—Elle a encore donné au chapitre deux mille écus d'or et quelques terres.

—Vous oubliez, je crois, les terres de Fromenteau et de Bigorre: ne vous les a-t-elle donc pas octroyées par testament?

—Pardonnez-nous, Sire.

—Et c'est ainsi, reprit le roi avec toutes les marques de la plus vive indignation, que vous gardez la mémoire de celle qui fut votre bienfaitrice! Non-seulement je vous défends de troubler ses cendres, mais je veux que son tombeau soit plus respecté qu'il ne l'est.

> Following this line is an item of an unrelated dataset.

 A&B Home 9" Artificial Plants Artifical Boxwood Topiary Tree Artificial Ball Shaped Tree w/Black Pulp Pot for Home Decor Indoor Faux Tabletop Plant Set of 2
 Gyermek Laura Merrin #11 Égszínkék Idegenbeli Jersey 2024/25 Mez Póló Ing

Puis, comme l'un des chanoines essayait de se disculper:

—Souvenez-vous, dit encore Louis XI, de ne jamais mériter que je vous fasse rendre tout ce que vous a donné dame Agnès Sorel.

Cette anecdote, il est vrai, ne prouve absolument rien. Car si les uns y voient une marque d'amitié et de bon souvenir pour une femme qui en était si digne, d'autres, au contraire, y découvrent un trait d'habile politique d'un prince qui donna tant d'exemples de sa profonde dissimulation.

Antoinette de Maignelais détestait sa cousine; elle en était jalouse, mais non pas au point de l'empoisonner; les moyens d'ailleurs lui eussent manqué. Ambitieuse et coquette, Antoinette avait tenté de supplanter Agnès Sorel dans le coeur de Charles VII; elle n'y put réussir, mais elle eut la joie de recueillir la succession de la dame de beauté; elle fut la maîtresse du roi, mais ne fut jamais son amie.

Quant à Jacques Coeur, il ne put lui venir à l'idée d'attenter aux jours d'Agnès; en elle, au contraire, il perdit sa plus fidèle protectrice.

Les mauvais jours, hélas! ne tardèrent pas à venir pour l'argentier de Charles VII. Le roi croyait pouvoir se passer de lui, ses ennemis levèrent la tête.